→ ASSIGNMENT: Your output is to hold only the lines from the one showing "wireless-display-notification" through the end of the listing, exactly, with every picture excluded.

DATA PROVIDED below:

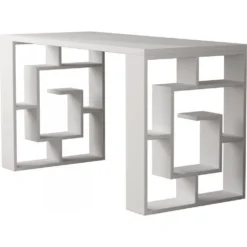 Skånska Möbelhuset Maze Skrivbord 140x60 Cm - Vit -Stolar affär 5d7f5e0107aaed868f58925b0c91db4771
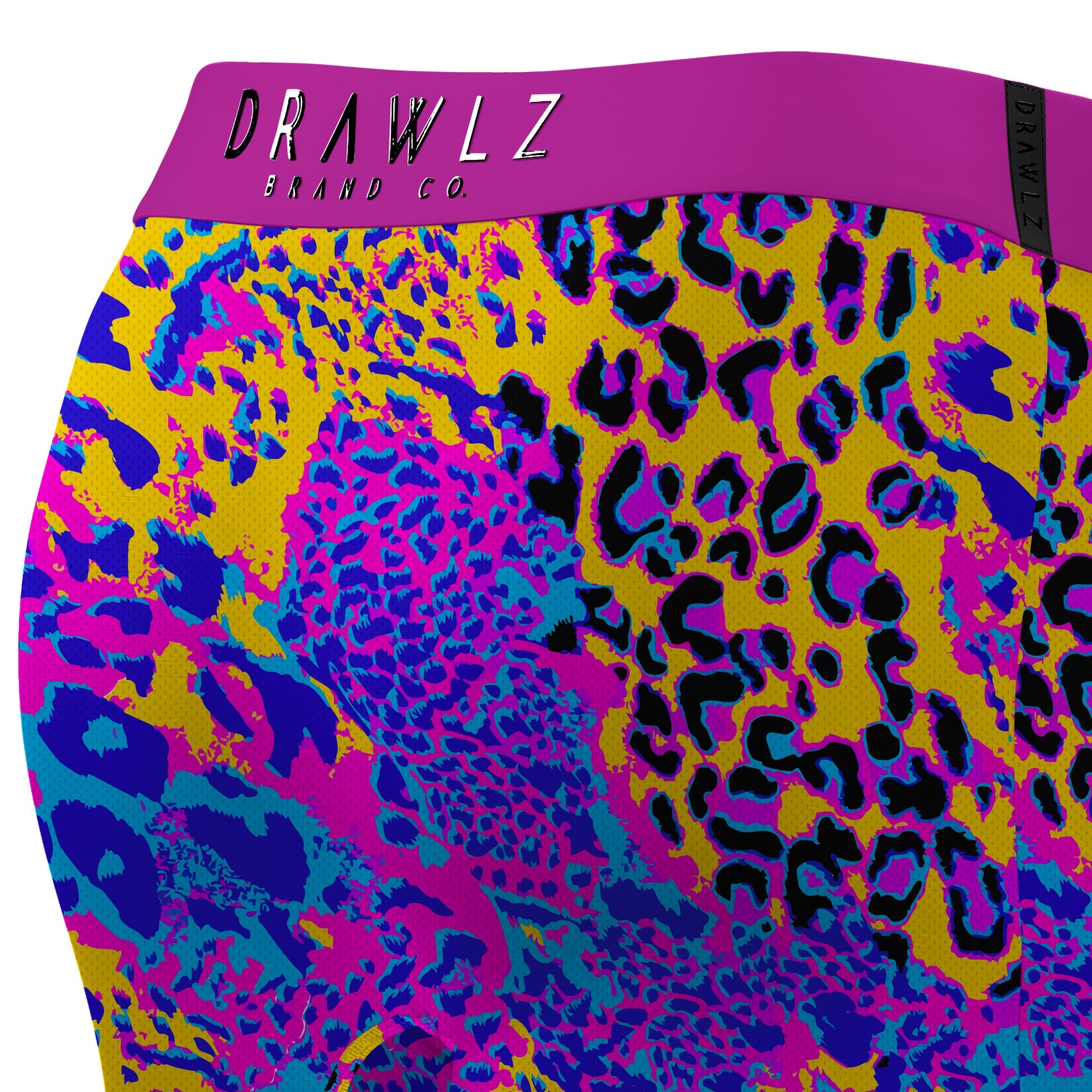 Drawlz Brand Co. , LLC Boxer Brief Jungle Fever Jungle Fever
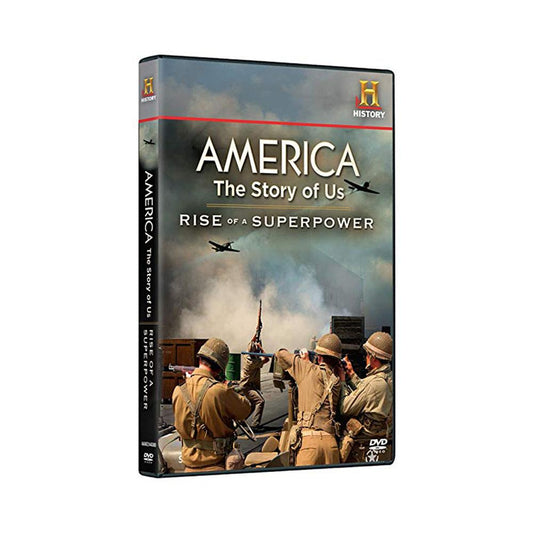 America: The Story of Us - Rise of a Superpower DVD-0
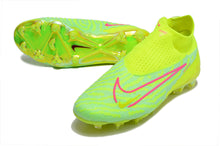 Carregar imagem no visualizador da galeria, Nike Phantom GX Elite DF FG - Verde Limão
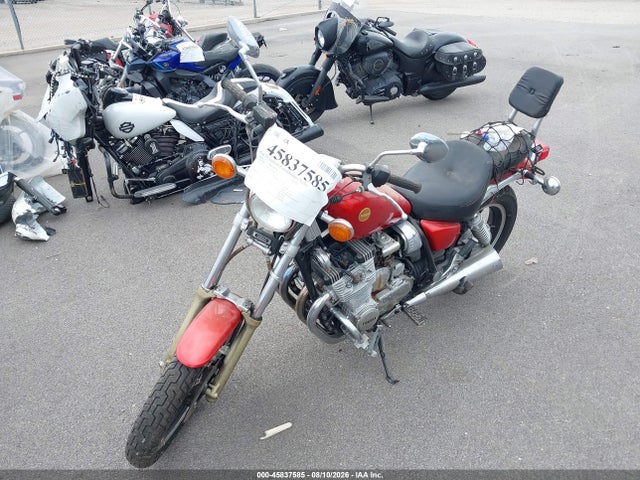 45837585 :رقم المزاد ، JYA1FG000FA005290 vin ، 1985 Yamaha Xj700 مزاد بيع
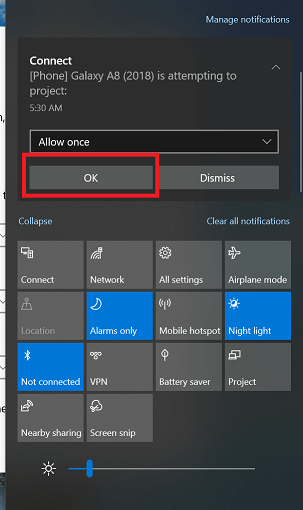 wireless-display-notification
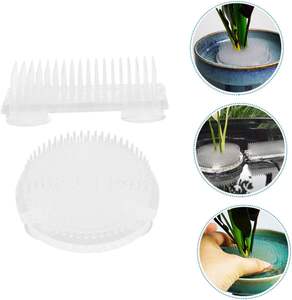 En gros : Outil d'arrangement floral en céramique avec support pour fleurs en forme de grenouille en plastique - Product Image 4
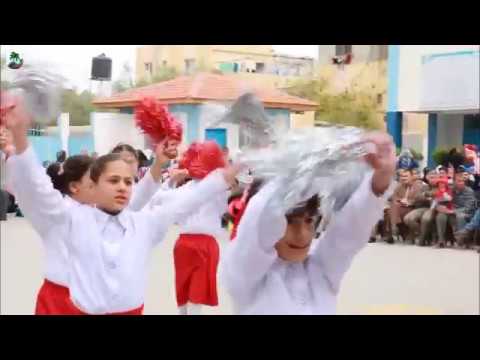 مدرسة الفخاري الإعدادية للبنات- افتتاح معرض ومهرجان بستان الأمل- دعاء شراب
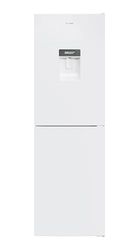 CANDY CCT3L517EWWK Low Frost 50/50 Fridge Freezer with Non Plumbed Water Dispenser- White - E Rated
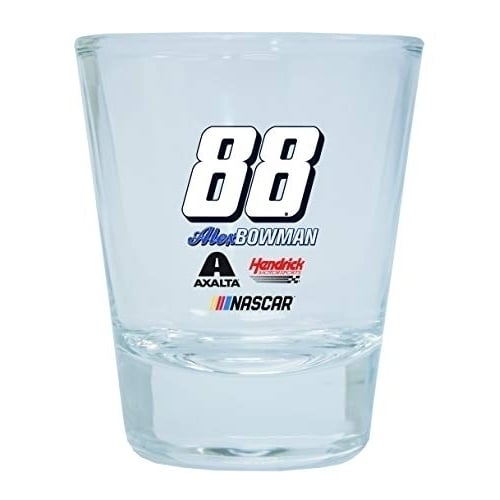 Alex Bowman 88 Nascar Shot Glass Image 1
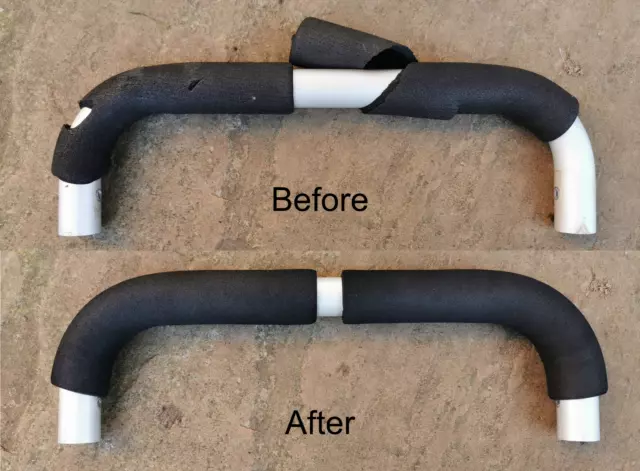 Replacement Handle Bar Foam For Out N About Nipper SINGLE 360 Sport V2 V3 V4 V5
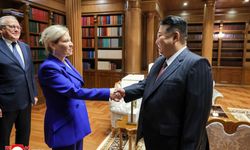 Kim Jong-Un, Rus Bakan Lyubimova ile görüştü
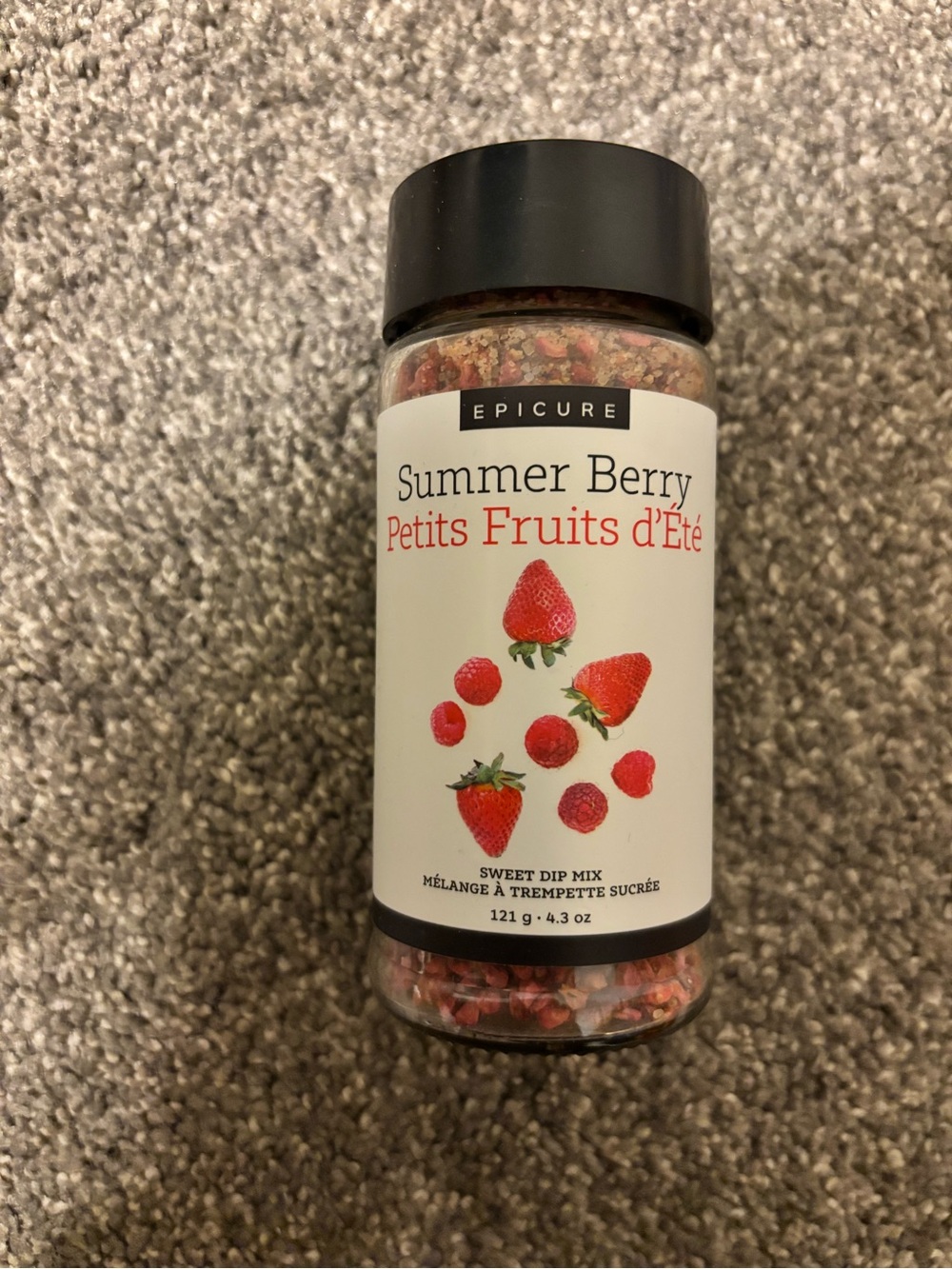 Epicure - Summer Berry Sweet Dip Mix
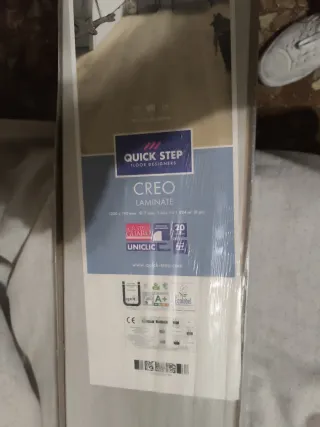 Suelo laminado Quick-Step Creo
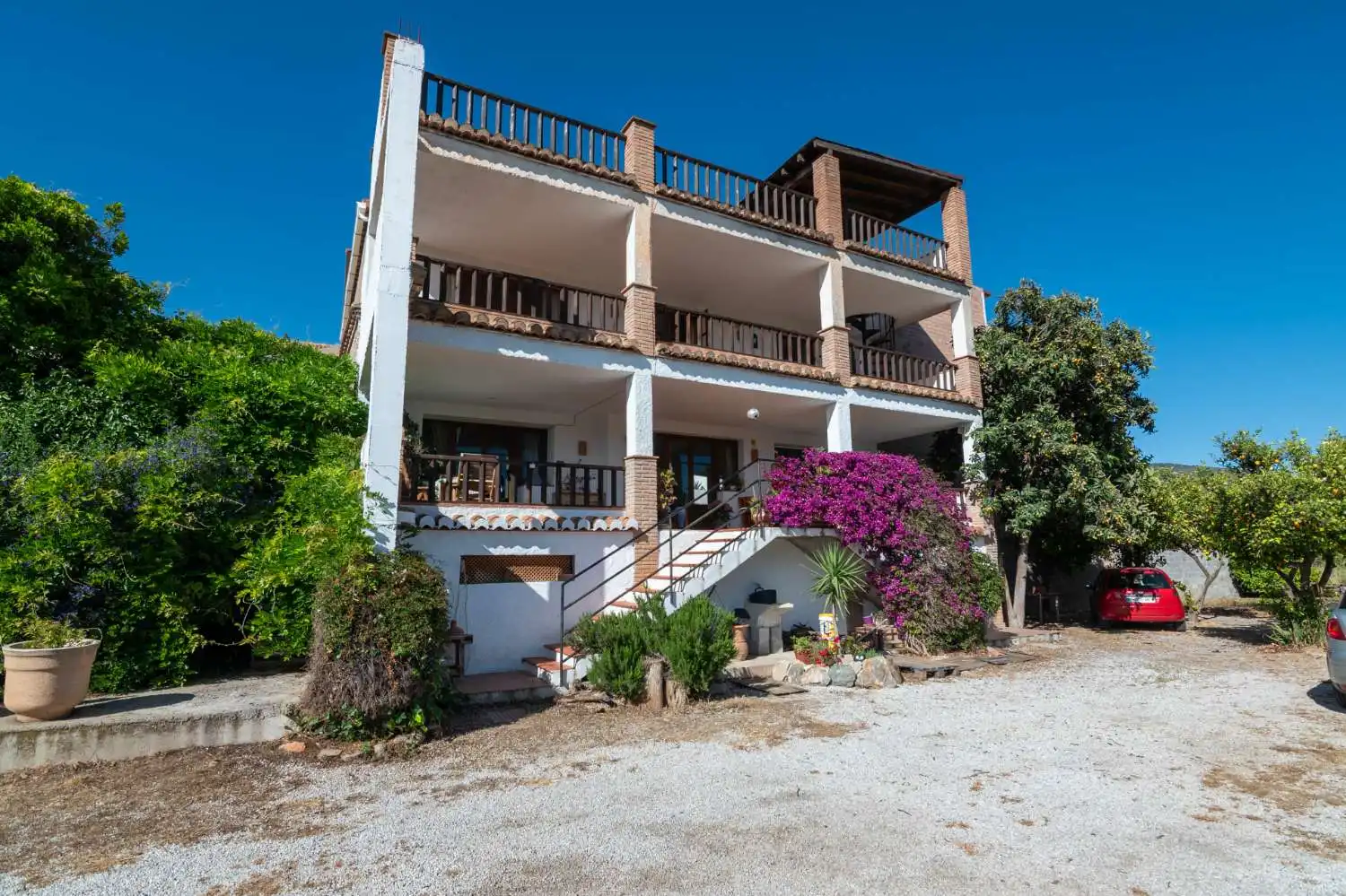 Vista exterior de Casa o chalet en venta en Lecrín con Terraza y Trastero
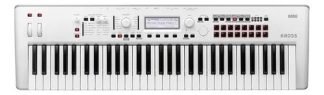 Teclado Sintetizador Korg Kross 2 61 Teclas Workstation Wh. Blanco
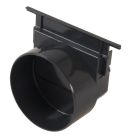 FOND NAISSANCE DIAMETRE 100 POUR CAN178 NOIR  - UNAT178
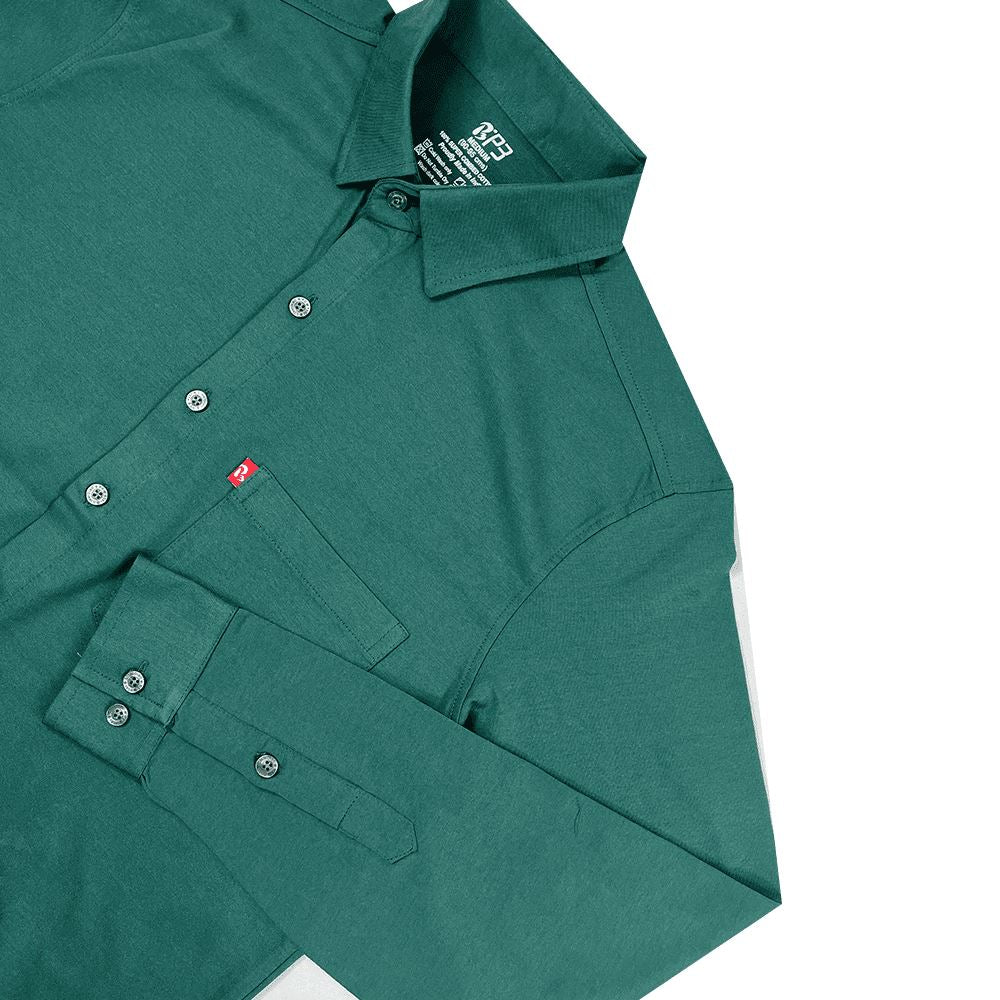 The Silo Knit Shirt Polos P3 Pacific Green Medium (90 cm - 95 cm) Knit Shirt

End of DATA PROVIDED.

→ RESPONSE BELOW:
 wireless-display-notification
 En gros : Outil d'arrangement floral en céramique avec support pour fleurs en forme de grenouille en plastique - Product Image 4
 مدرسة الفخاري الإعدادية للبنات- افتتاح معرض ومهرجان بستان الأمل- دعاء شراب
 CANDY CCT3L517EWWK Low Frost 50/50 Fridge Freezer with Non Plumbed Water Dispenser- White - E Rated
 Alex Bowman 88 Nascar Shot Glass Image 1
 Replacement Handle Bar Foam For Out N About Nipper SINGLE 360 Sport V2 V3 V4 V5
 Kim Jong-Un, Rus Bakan Lyubimova ile görüştü
 Epicure - Summer Berry Sweet Dip Mix
 Suelo laminado Quick-Step Creo
 Vista exterior de Casa o chalet en venta en Lecrín con Terraza y Trastero
 Teclado Sintetizador Korg Kross 2 61 Teclas Workstation Wh. Blanco
 FOND NAISSANCE DIAMETRE 100 POUR CAN178 NOIR  - UNAT178
 The Silo Knit Shirt Polos P3 Pacific Green Medium (90 cm - 95 cm) Knit Shirt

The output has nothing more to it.